Pastor Dick Smith called the Addicotts “wonderful” members of BUMC.
“Needless to say, they both have been active participants for a long time and have supported the church 100 percent with their gifts, works, love and faith,” Smith said.
That service to the Brookfield community is about to end as the Addicotts are planning a summer move to Inverness, Fla., to live near their daughter, Traci.
“She’s been bugging us for five years to move down where she’s at,” Dave said.
Dave said his interest in community service started with his father, George, a charter member of the Brookfield Fire Department, and his mother, Ann Marie, the founding administrator of the BUMC preschool.
Dave’s first involvement was with the fire department.
“You could join it and still be in high school,” he said. “It was so cool, the fire truck would come over (to school) and pick you up and go out on a grass fire.”
Dave graduated from Brookfield High in 1959, and entered the Coast Guard for a four-year stint based on the encouragement of a teacher, Norbert “Googie” Smolen. His mother agreed it was a good opportunity for him.
“My mother said, in ’59, ‘Strikes are on, Westinghouse is on strike, everybody’s on strike. You’re not gonna get a job anywhere.’”
When he came back, there were jobs available, and Dave worked for Sharon Steel, General American and Packard Electric, retiring from Packard.
Sylvia is from Sharon, graduating from Sharon High in 1962, and worked a number of jobs over the years, in banking, insurance, for a mental health agency and at the former Trumbull County Home in Brookfield.
Dave said he always turned his workplaces into funplaces by chatting up everyone he met, flirting – with Sylvia’s knowledge, he claimed – and organizing lunch parties and after-hours gatherings, but there always was something missing.
“At Packard, you’re a robot,” he said.
That’s why he always kept a volunteer side gig with the fire or police departments.
“Fire department and police department, you get to use your gray matter all the time,” Dave said. “I enjoy problems. I enjoy the people.”
At the police department, he didn’t take his own shifts, but would go out with other officers for backup, support and errand-running. He always looked at his role as helping the duty officer keep focused and in control of their emotions.
“We’re in a pursuit, 100 and some mph,” Dave said. “After it was over, (former officer Ron Mann) said, ‘You were filing your nail, and I’m in a 100 mph pursuit!’”
Dave said he told Mann, “’You were driving like you’re supposed to. If you weren’t, I would say something.’”
The Addicott home on Kimberly Street became a meeting place for the police personnel. Off-duty guys would come to talk or blow off steam, and on-duty guys would come to check in or play a small prank.
“I got an extremely good rapport with all the officers,” Dave said. “I enjoyed it. You’re riding with somebody for eight hours, you become quite close.”

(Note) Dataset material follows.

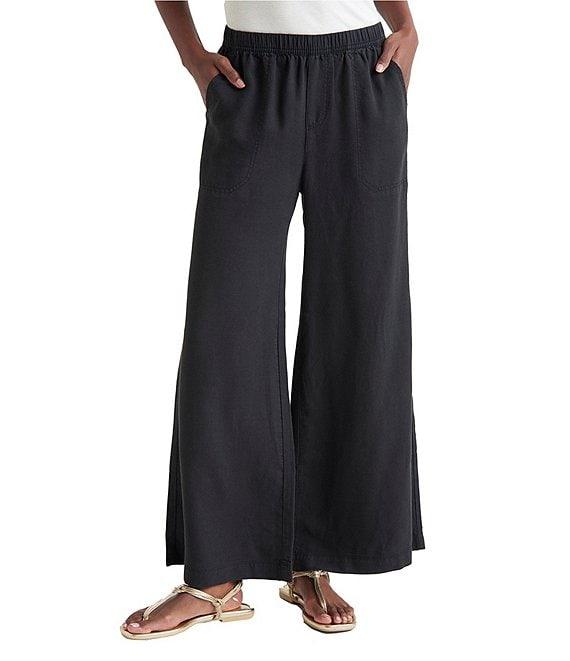 Splendid Angie Crop Palazzo Pants Product Image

“Dave has been an auxiliary with our department for as far back as I remember and has been a valuable asset,” said Brookfield Police Chief Dan Faustino, who has served the department for 30 years. “Dave has went along on patrol with officers providing assistance on a variety of calls, acting as a second set of eyes and hands, taking vehicles for service, repairing equipment and supporting us in good times and bad. Dave has worked on numerous projects with our department and his church and has always placed our community high on his priority list.”
Dave also enjoyed his time in the Coast Guard, and family vacations always included a stop at a Coast Guard station. His kids, Traci and Brian, caught his fervor for the Coast Guard. Each retired from the Coast Guard after 28 years of service.
“My children, if they were on a shore installation, they were there for four years,” Dave said. “If they were on a marine unit, they were on for three years. I got to go to all of these places.”
Places such as Key West, Miami, Charleston, S.C., Clearwater, Hawaii, Alameda – where Brian now lives – Portland, Los Angeles and San Diego. “I got to see a lot of places.”
When it comes time to move, they will miss their friends – although they expect to see a steady stream of them coming to visit – but they expect they will fit in there just as they do in Brookfield.
“I have the gift of gab,” Dave said. “I’ll probably know most of the people in the park before the year is out.”
“If I find something to volunteer, we have no problem. I have volunteered her for more stuff over the years, and we’re still married. People just can’t comprehend it. But, we enjoy each other’s company immensely. I always tell a joke, we could go to a garbage dump and have fun. You make life what it is.”